Some people may say that this isn’t important… that her problems are of an immature nature. But I beg to differ. There is definitely something to be said for both males and females learning how to interact with each other via experience. Both physically and emotionally. But matters of intimacy are just not the focus of the Torah world. And though it is dealt with in many Kallah and Chassan classes, it is far from enough. Courses and lectures do not substitute for actual experience. The following paragraphs are the thoughts of a woman who is suffering as a result.

He (her husband) doesn’t know how to conduct himself with me. He doesn’t know how to touch, how to show interest, or how to make my happy with small gestures. Yes, he does everything I ask him to do, but sometimes I want him to do a little more – to hug me from behind, or send a romantic text message.

Suddenly, I woke up. I’m a child. A baby. Yet I have a husband and a child in my stomach. …We’ve all been brainwashed that this is the right way, but it isn’t so.

My husband is a truly good guy, but it appears that he just doesn’t know what to do. He never learned how to conduct himself with a woman. We, at the all-female school, had a class about intimacy and family. I’m not sure that this will make a difference, as ultimately we mostly beat around the bush. The lessons were mostly irrelevant for us at that stage of our life. But at least we had something, which is much more than nothing.

How can we expect a guy who never held a conversation that was more than a minute long with a girl to enter a life of marriage without proper preparation? How can we expect him to build bridges that he never learned to build? Don’t the rabbis see the distress faced by their students, and especially by their students’ wives?

Now, I’m sure her thoughts do not reflect the view of every married religious young woman. Nor do I think most marriages break up for solely this reason. In fact most of the religious young married couples I know are very happily married. In many cases the couples did not interact with any members of the opposite sex prior to marriage at all. But I wonder if this isn’t a silent problem that most women just learn to live with?

Rabbi Boteach mentions a startling statistic in this reagard: 40 million Americans whose marriages are utterly sexless.
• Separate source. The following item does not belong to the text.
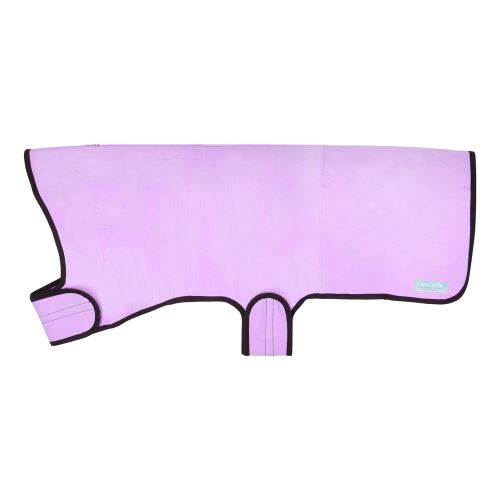 Prestige - Manteau rafraîchissant - Chien (M) (Pourpre) - UTVP296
Aside from the procreative aspect of it, I wonder what the numbers are in Orthodox marriages where there was no experiential learning by men about the emotional needs of women and to a lesser extent, by women about men? I know of one very sad Charedi case where this was precidely the issue that led to a divorce. The husband… a good man, with great Midos, and a true Talmid Chacham who learns full time in a Kollel was just not interested in intimacy other than procreation. Is he an exception? Or is he symptomatic of a greater problem?

Like I said, I do not advocate a sudden shift to coeducation in our schools. I am opposed to that, especially in high schools. But I think this woman’s words ought to be paid attention to. There has to be a better way to solve the kinds of problems she is talking about.

I have advocated limited proactive social interaction between the sexes throughout one’s educational lifetime… mostly in the form of family settings ala the Shabbos table, or at public social events like weddings, or perhaps in religious social groups like Bnei Akiva.

I fear this woman’s story represents a far greater problem than we are currently aware of ...and is at least in part, an underlying reason for the alarming increases we've seen in recent years in the rates of divorces between Orthodox couples.